888b7c5 verified 7 days ago

7.29 kB

	---
	base_model: t5-small
	library_name: transformers
	license: apache-2.0
	tags:
	- generated_from_trainer
	model-index:
	- name: en-af-sql-training-1727527893
	results: []
	datasets:
	- b-mc2/sql-create-context
	- Clinton/Text-to-sql-v1
	- knowrohit07/know_sql
	language:
	- af
	- en
	pipeline_tag: text2text-generation
	metrics:
	- Exact Match
	- TSED (Tree Similarity of Editing Distance)
	- SQAM (SQL Query Analysis Metric)
	- BLEU score
	---

	# en-af-sql-training-1727527893

	This model is a fine-tuned version of [t5-small](https://huggingface.co/t5-small) on three datasets: b-mc2/sql-create-context, Clinton/Text-to-sql-v1, knowrohit07/know-sql.
	It achieves the following results on the evaluation set:
	- Loss: 0.0210

	## Model description

	This is a fine-tuned Afrikaans-to-SQL model. The pretrained [t5-small](https://huggingface.co/t5-small) was used to train our SQL model.

	## Training and Evaluation Datasets

	As mentioned, to train the model we used a combination of three dataset which we split into training, testing, and validation sets.
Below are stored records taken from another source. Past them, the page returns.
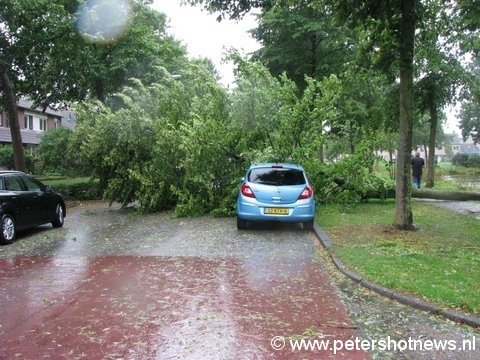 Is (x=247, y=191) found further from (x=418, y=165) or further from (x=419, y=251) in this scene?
(x=418, y=165)

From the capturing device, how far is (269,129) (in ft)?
48.0

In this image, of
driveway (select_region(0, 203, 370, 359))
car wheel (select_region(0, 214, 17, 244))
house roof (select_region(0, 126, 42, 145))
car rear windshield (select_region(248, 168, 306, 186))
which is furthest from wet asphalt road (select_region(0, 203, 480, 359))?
house roof (select_region(0, 126, 42, 145))

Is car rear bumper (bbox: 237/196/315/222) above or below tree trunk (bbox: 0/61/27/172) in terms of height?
below

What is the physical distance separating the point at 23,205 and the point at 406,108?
9.12 metres

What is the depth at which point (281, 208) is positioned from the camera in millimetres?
10664

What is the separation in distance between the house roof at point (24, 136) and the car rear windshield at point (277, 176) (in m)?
31.6

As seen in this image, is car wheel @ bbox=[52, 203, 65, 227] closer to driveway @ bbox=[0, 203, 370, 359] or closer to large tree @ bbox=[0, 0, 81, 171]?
driveway @ bbox=[0, 203, 370, 359]

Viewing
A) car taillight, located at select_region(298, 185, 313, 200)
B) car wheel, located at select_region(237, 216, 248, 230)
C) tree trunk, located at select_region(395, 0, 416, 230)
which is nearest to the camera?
tree trunk, located at select_region(395, 0, 416, 230)

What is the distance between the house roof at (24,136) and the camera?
38.5 meters

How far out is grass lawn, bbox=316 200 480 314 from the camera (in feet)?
19.5

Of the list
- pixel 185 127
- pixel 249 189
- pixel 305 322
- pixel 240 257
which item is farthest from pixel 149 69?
pixel 305 322

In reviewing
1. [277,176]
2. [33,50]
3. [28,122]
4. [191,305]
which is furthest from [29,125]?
[191,305]

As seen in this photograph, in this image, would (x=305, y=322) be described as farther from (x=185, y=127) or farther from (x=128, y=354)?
(x=185, y=127)

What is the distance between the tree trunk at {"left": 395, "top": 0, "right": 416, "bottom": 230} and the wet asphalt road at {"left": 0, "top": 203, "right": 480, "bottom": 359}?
91.9 inches
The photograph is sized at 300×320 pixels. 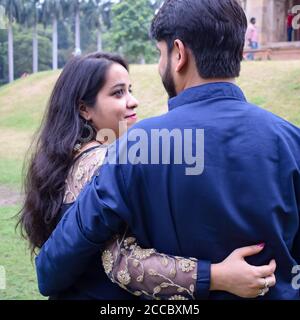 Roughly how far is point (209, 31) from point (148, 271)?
658 millimetres

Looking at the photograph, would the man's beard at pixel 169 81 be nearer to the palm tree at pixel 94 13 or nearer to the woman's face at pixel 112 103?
the woman's face at pixel 112 103

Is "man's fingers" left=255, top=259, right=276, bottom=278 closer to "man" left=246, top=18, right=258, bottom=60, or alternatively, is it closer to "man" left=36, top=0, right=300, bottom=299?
"man" left=36, top=0, right=300, bottom=299

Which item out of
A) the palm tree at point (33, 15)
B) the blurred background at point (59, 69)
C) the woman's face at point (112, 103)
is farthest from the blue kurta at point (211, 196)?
the palm tree at point (33, 15)

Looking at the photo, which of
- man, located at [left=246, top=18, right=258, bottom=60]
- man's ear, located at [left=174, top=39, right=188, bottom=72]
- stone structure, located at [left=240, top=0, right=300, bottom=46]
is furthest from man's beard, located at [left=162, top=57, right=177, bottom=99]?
stone structure, located at [left=240, top=0, right=300, bottom=46]

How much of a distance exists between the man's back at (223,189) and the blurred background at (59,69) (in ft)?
2.98

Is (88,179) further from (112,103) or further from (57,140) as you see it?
(112,103)

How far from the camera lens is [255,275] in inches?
52.0

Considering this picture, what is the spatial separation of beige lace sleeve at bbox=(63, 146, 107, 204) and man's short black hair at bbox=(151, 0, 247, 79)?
1.36ft

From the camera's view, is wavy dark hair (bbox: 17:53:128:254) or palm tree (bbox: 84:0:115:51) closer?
wavy dark hair (bbox: 17:53:128:254)

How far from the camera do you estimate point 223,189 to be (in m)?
1.30

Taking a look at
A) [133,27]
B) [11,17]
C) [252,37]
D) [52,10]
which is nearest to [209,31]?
[252,37]

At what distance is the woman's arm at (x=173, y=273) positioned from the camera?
52.1 inches

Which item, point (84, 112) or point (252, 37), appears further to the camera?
point (252, 37)

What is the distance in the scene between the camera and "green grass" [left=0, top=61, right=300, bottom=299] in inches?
188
THe dataset can be found by following these links:

	- [b-mc2/sql-create-context](https://huggingface.co/datasets/b-mc2/sql-create-context)
	- [Clinton/Text-to-sql-v1](https://huggingface.co/datasets/Clinton/Text-to-sql-v1)
	- [knowrohit07/know-sql](https://huggingface.co/datasets/knowrohit07/know_sql)

	We did a 80-10-10 split on each dataset and then combined them into a single `DatasetDict` object with `train`, `test,` and `validation` sets.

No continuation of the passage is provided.